「日吉辰哉=麻雀実況の第一人者」であってはならない理由
日吉辰哉プロ。
日本プロ麻雀連盟所属の麻雀プロ、というよりも、日本有数の麻雀対局実況者として、その名を馳せている。
人知を超えた堀慎吾プロの立ち回りを「見ちゃいけないもの見ちゃった」と表現し、更にその後結局本田プロにアガられても「本田のツモアガリが色褪せる」と言い切ることで、この局はアガリよりも堀プロの守備の衝撃の方が大きかったことを伝える。
実際の点棒移動よりも大切なこと、心を揺さぶるものにフォーカスし、その価値を最大限高めるように表現する。
ある意味「実況」としては、ギリギリまで踏み込んでいる部分もあるが、その手法で物語を盛り上げ、絶大な支持を得ているのは大きな功績だろう。
まさにスペシャルでオンリーワンな実況者である。
個人的には、こういう方向への”踏み込み”は最大限評価している。
しかし、である。
それを差し引いても、あくまでもこれは”飛び道具”であって、これが王道やスタンダードになっては困る!と声を大にして言いたい。
その理由を、順を追って説明して行こう。
※すべて、個人的な見解です
(1)状況を正確に実況していない
実況の最大の使命はこれである。
「最大」かどうかは意見が分かれる可能性もあるが、少なくとも誤りを伝えるのは大きな失策なのは間違いない。

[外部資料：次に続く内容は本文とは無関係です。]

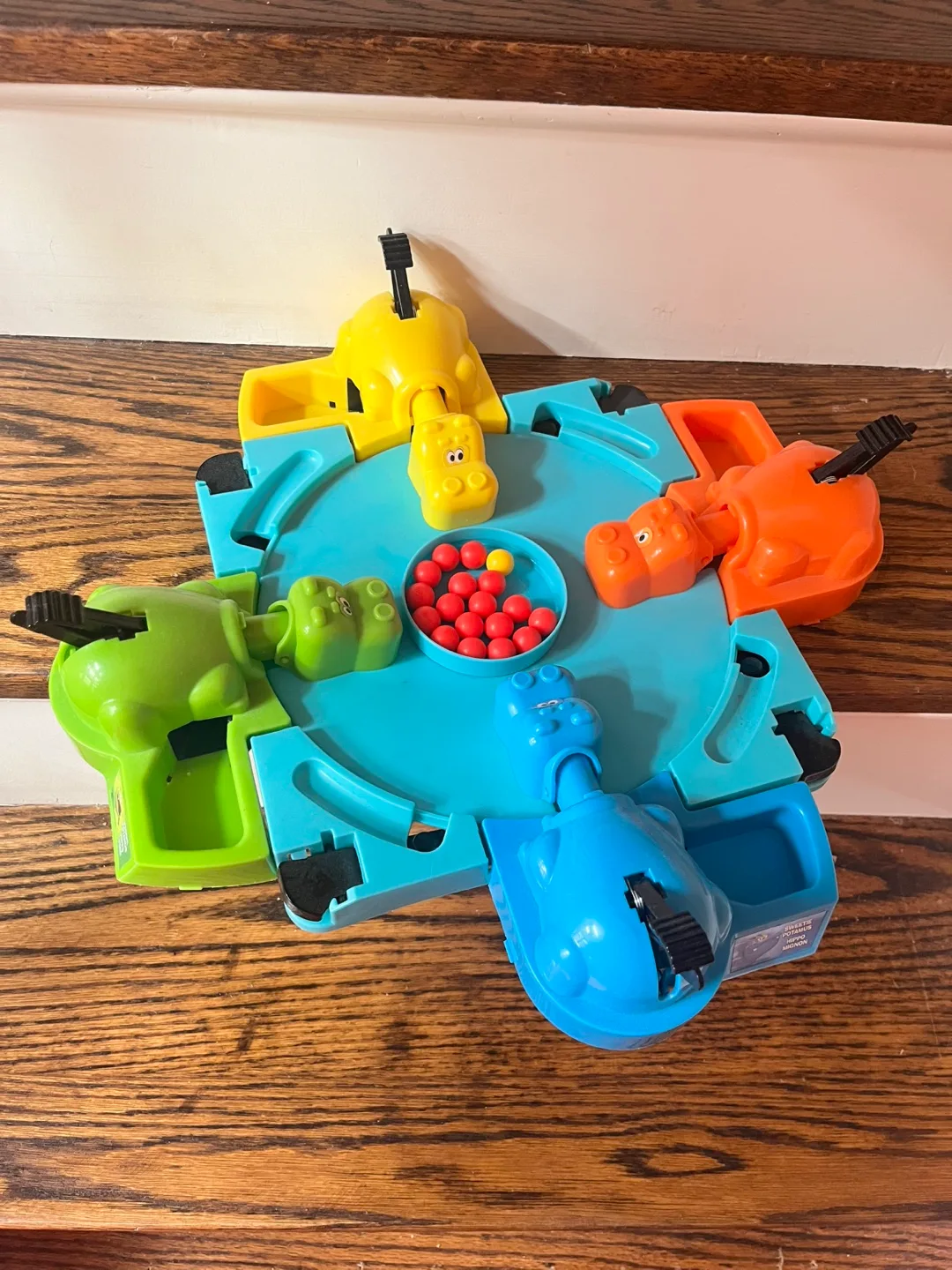 Hungry hungry hippos Classic Board Game thumbnail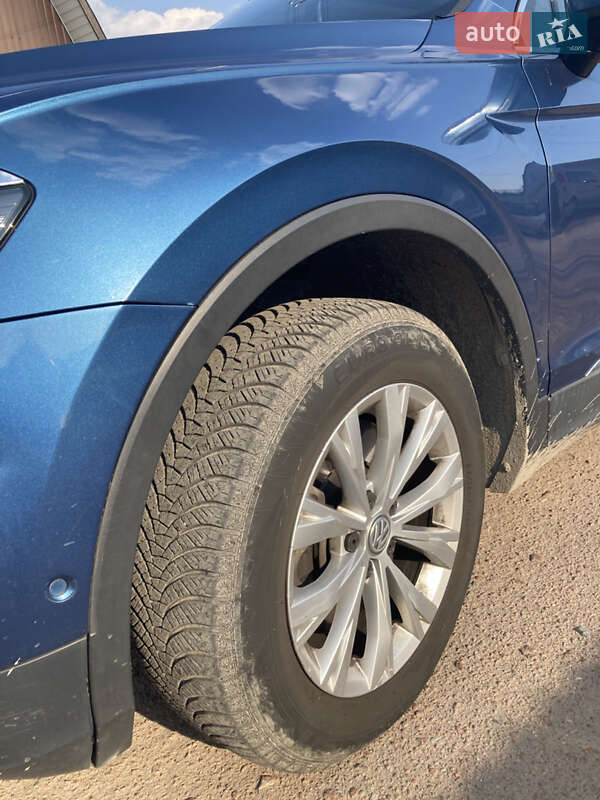 Внедорожник / Кроссовер Volkswagen Tiguan 2017 в Переяславе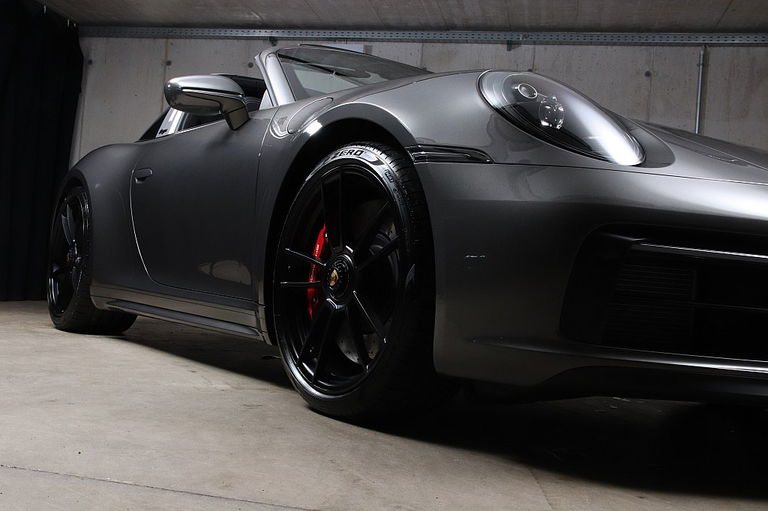 Porsche 992 Targa 4 GTS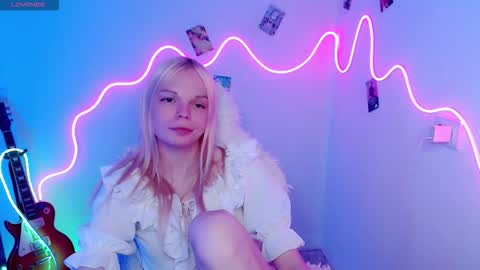 Snapshot of emily_nyaffe chatting on October 2025 04:52:01 PM Lia online show from October 2025 04:52:01 PM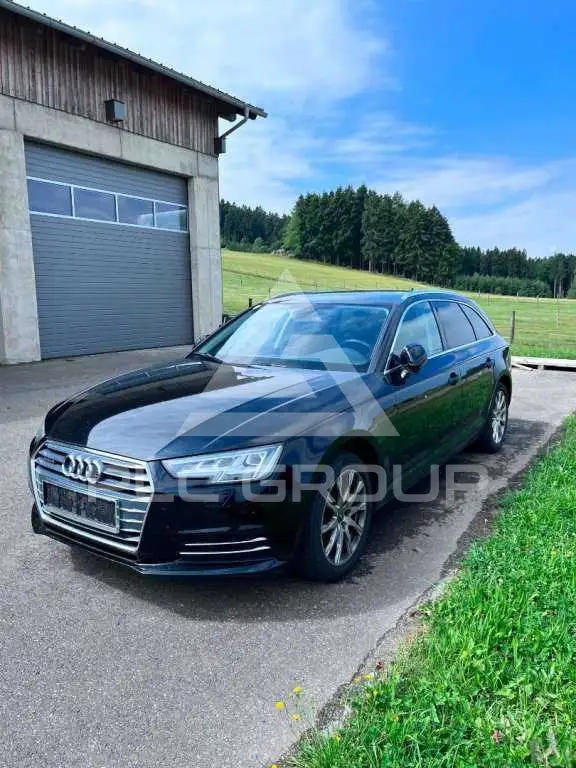 2017 Audi Quattro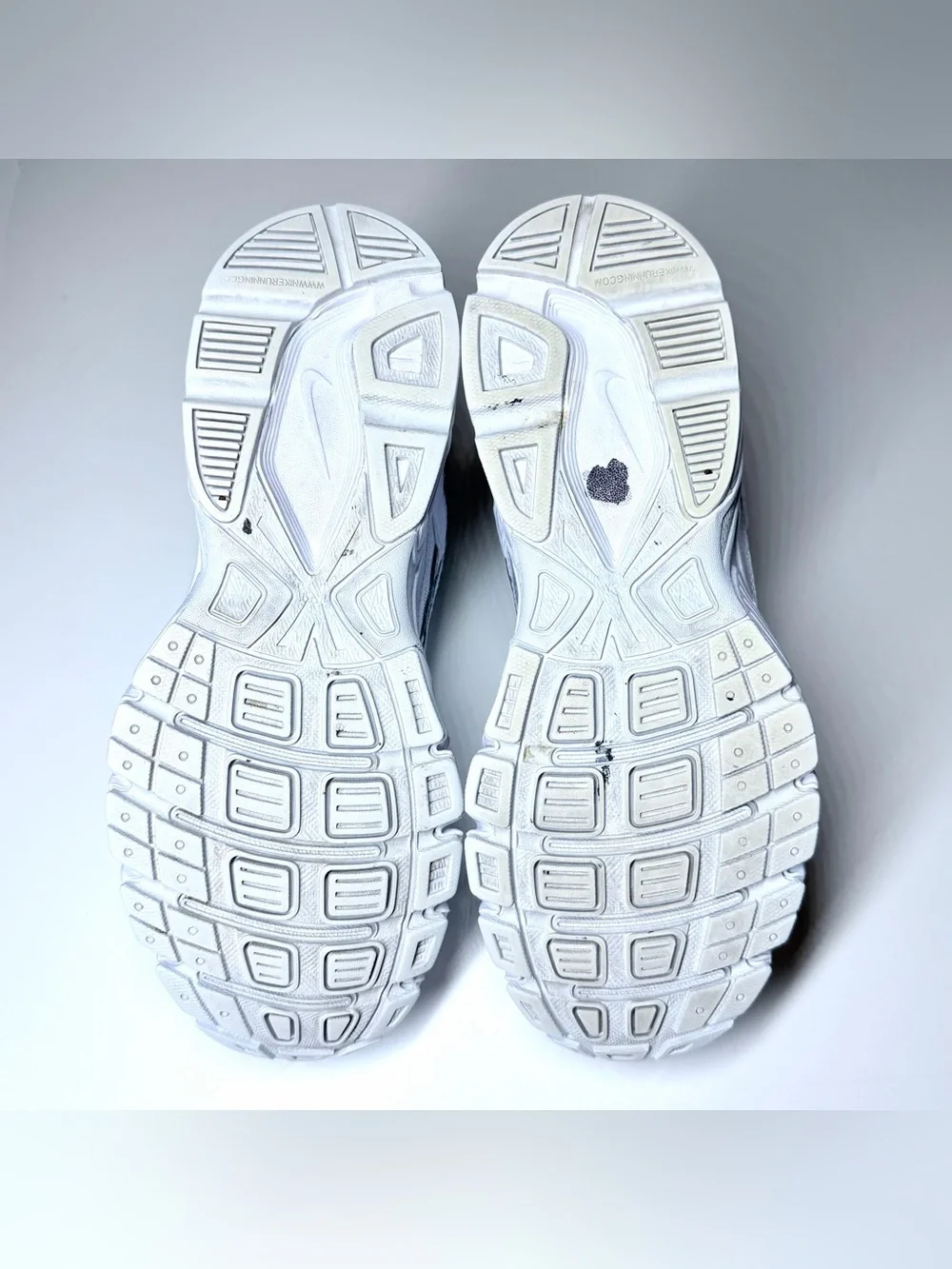 Nike Women's Initiator Athletic Shoes 'Tripe White' Size- 9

日吉プロがあまりに見落としや見誤りが多い、というのは日吉ファンでも確実に認めることだろう。
「七対子リーチに『待ちは全部山にある、山4だー』と実況したら、渋川さんに『日吉さん、七対子の待ちは最大で3枚です』と」
「訂正して間違える、よくあるパターンです。この間スーソーとキューワンも見間違えました」
人は誰しもミスをする。しかしその際の対処が、あまりに酷い。
通常実況アナウンサーならば同じミスをすれば降板の危機感を持って臨むが、自分のミスをネタのように誇らしげに喧伝、直す姿勢すら見えないのだから、呆れてものも言えない。
(聴牌取った選手に対して)「壊した、壊した」
(萬子4種でテンパイの形で)「萬子はだいたいテンパイ!」
(「66m779p344577899s」のような牌姿から「(4sは切れない状況だから、七対子に絞っての)一向聴の三択、ゆっくり選ばせてあげて」と言う解説者に対して、明らかに七対子を見落として)「8s外せないっすよ、8s外したら一向聴じゃなくなっちゃう!…七対子か?!七対子だー!」
とにかく事実誤認が多く、また事実も盛り過ぎることが多いので結果として誤認を招く表現になりがち。自分の見落としからの気付きで勝手に盛り上がるので、視聴者の感情にも寄り添っていない起伏も多い。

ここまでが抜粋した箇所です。